Russland: Charité spricht von Giftanschlag auf Aktivisten

Berlin. Pussy-Riot-Mann angeblich auf dem Weg der Besserung. Zustand ist Ärzten zufolge stabil.

Das Umdrehen von Polizeiautos war eine Spezialität der Protest-Kunst-Gruppe Woina (Krieg) aus der später die Punk-Aktionsgruppe Pussy Riot hervorging. Oder das Malen riesiger Penisse auf die Fahrbahn von Klappbrücken. Auch Gruppensex in Kunstgalerien gehörte dazu. Ebenso, wie Kuss-Attacken auf Polizisten in Moskau, lautstarke Gebete in Kirchen, oder die Flitzer-Aktion beim Finale der Fußball-WM im Sommer 2018 in Moskau.
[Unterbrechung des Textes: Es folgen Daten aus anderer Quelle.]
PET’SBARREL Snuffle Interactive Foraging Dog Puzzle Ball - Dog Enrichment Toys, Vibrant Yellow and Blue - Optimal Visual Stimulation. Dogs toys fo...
Einen Aktivisten aus diesem Umfeld, Pjotr Werzilow, hat es jetzt schlimm erwischt. Derzeit wird er in der Berliner Klinik Charité behandelt. Am Dienstag sprachen die Ärzte von einer wahrscheinlichen Vergiftung. Eine andere Erklärung gebe es nicht. Eine Vergiftung durch Drogen oder eine chronische Krankheit seien auszuschließen. Nachdem die Tat aber über eine Woche zurückliege, gebe es kaum Hoffnung, eine Substanz nachzuweisen. Werzilow befinde sich in einem kritischen Zustand, sei aber außer Lebensgefahr.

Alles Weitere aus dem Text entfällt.